[Data items]
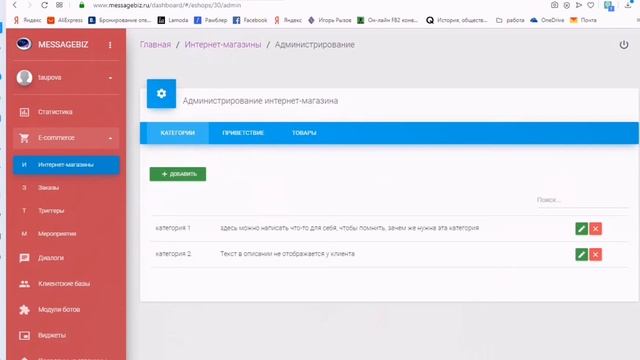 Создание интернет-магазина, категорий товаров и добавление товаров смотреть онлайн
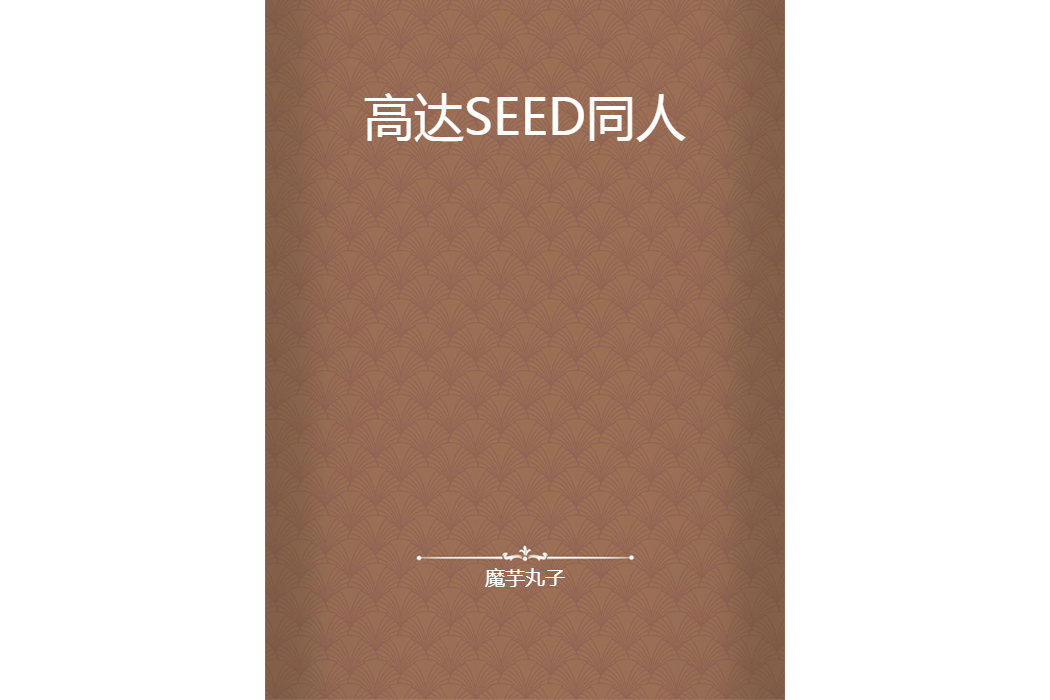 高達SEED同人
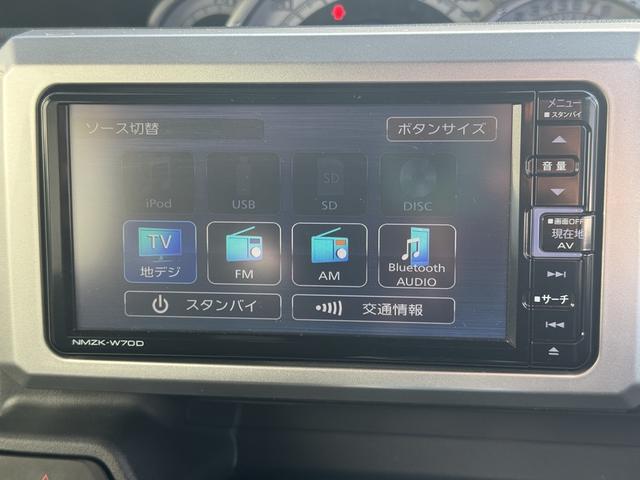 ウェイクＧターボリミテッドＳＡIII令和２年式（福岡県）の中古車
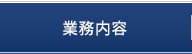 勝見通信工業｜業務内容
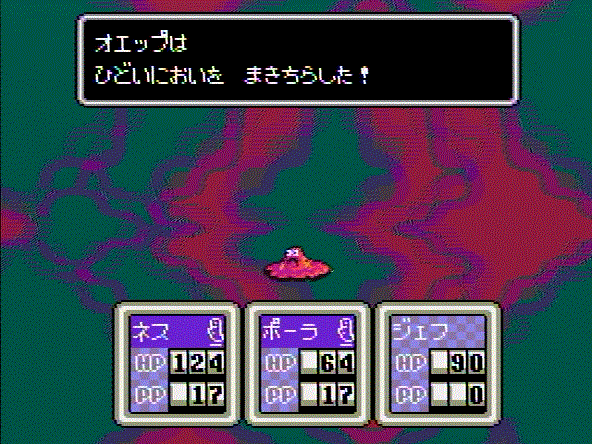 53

» **REQUIREMENT**: Print each entry precisely as written; the pictures stay out.

» **REPLY**:
 Создание интернет-магазина, категорий товаров и добавление товаров смотреть онлайн
 高達SEED同人
 ウェイクＧターボリミテッドＳＡIII令和２年式（福岡県）の中古車
 勝見通信工業｜業務内容
 53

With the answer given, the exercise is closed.